From: "David Hildenbrand (Arm)" <david@kernel.org>
To: Pedro Falcato <pfalcato@suse.de>
Cc: Dev Jain <dev.jain@arm.com>, Luke Yang <luyang@redhat.com>,
surenb@google.com, jhladky@redhat.com, akpm@linux-foundation.org,
Liam.Howlett@oracle.com, willy@infradead.org, vbabka@suse.cz,
linux-mm@kvack.org, linux-kernel@vger.kernel.org
Subject: Re: [REGRESSION] mm/mprotect: 2x+ slowdown for >=400KiB regions since PTE batching (cac1db8c3aad)
Date: Wed, 18 Feb 2026 13:24:28 +0100 [thread overview]
Message-ID: <624496ee-4709-497f-9ac1-c63bcf4724d6@kernel.org> (raw)
In-Reply-To: <cdrrvtzy76f7wplcrls3pbfe37kzrvzsrlaed7glg2cq6j3yob@wjbjklvovpl2>
On 2/18/26 12:58, Pedro Falcato wrote:
> On Wed, Feb 18, 2026 at 11:46:29AM +0100, David Hildenbrand (Arm) wrote:
>> On 2/18/26 11:38, Dev Jain wrote:
>>>
>>>
>>> There are two things at play here:
>>>
>>> 1. All arches are expected to benefit from pte batching on large folios, because
>>> of doing similar operations together in one shot. For code paths except mprotect
>>> and mremap, that benefit is far more clear due to:
>>>
>>> a) batching across atomic operations etc. For example, see copy_present_ptes -> folio_ref_add.

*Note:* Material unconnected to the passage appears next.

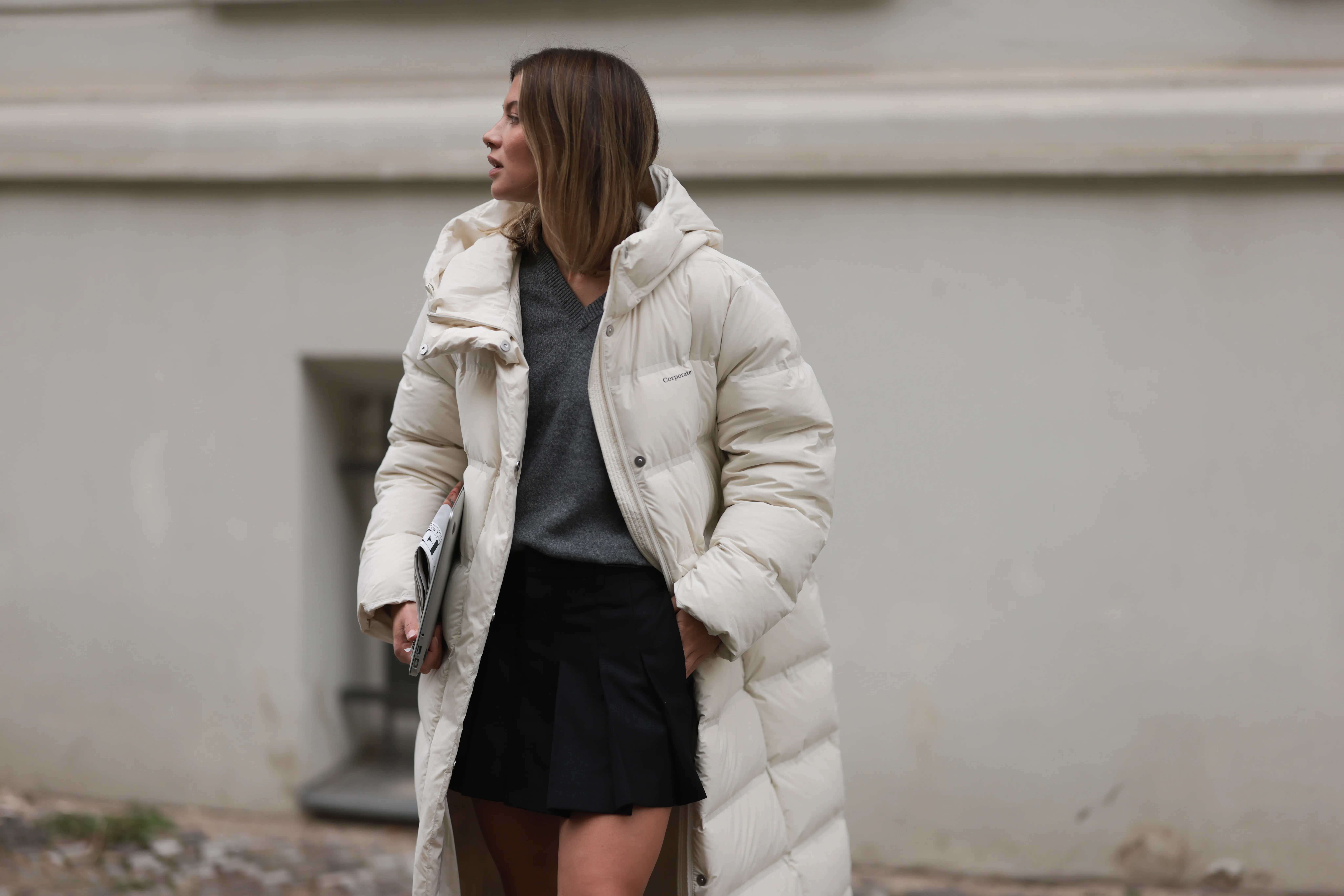Sophia Geiss is seen wearing a silver nose ring; an outfit from MO&Co. consisting of an ankle-length white quilted jacket, a grey pullover with a ribbed V-neckline underneath, and a black pleated mini skirt; while carrying a MacBook and a newspaper on September 26, 2024 in Berlin, Germany.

>>> Instead of bumping the reference by 1 nr times, we bump it by nr in one shot.
>>>
>>> b) vm_normal_folio was already being invoked. So, all in all the only new overhead
>>> we introduce is of folio_pte_batch(_flags). In fact, since we already have the
>>> folio, I recall that we even just special case the large folio case, out from
>>> the small folio case. Thus 4K folio processing will have no overhead.
>>>
>>> 2. Due to the requirements of contpte, ptep_get() on arm64 needs to fetch a/d bits
>>> across a cont block. Thus, for each ptep_get, it does 16 pte accesses. To avoid this,
>>> it becomes critical to batch on arm64.
>>>
>>>
>>>
>>> Nice.
>>>
>>>
>>> I dunno, need other opinions.
>>
>> Let's repeat my question: what, besides the micro-benchmark in some cases
>> with all small-folios, are we trying to optimize here. No hand waving
>> (Androids does this or that) please.
>
> I don't understand what you're looking for. an mprotect-based workload? those
> obviously don't really exist, apart from something like a JIT engine cranking
> out a lot of mprotect() calls in an aggressive fashion. Or perhaps some of that
> usage of mprotect that our DB friends like to use sometimes (discussed in
> $OTHER_CONTEXTS), though those are generally hugepages.
>
Anything besides a homemade micro-benchmark that highlights why we
should care about this exact fast and repeated sequence of events.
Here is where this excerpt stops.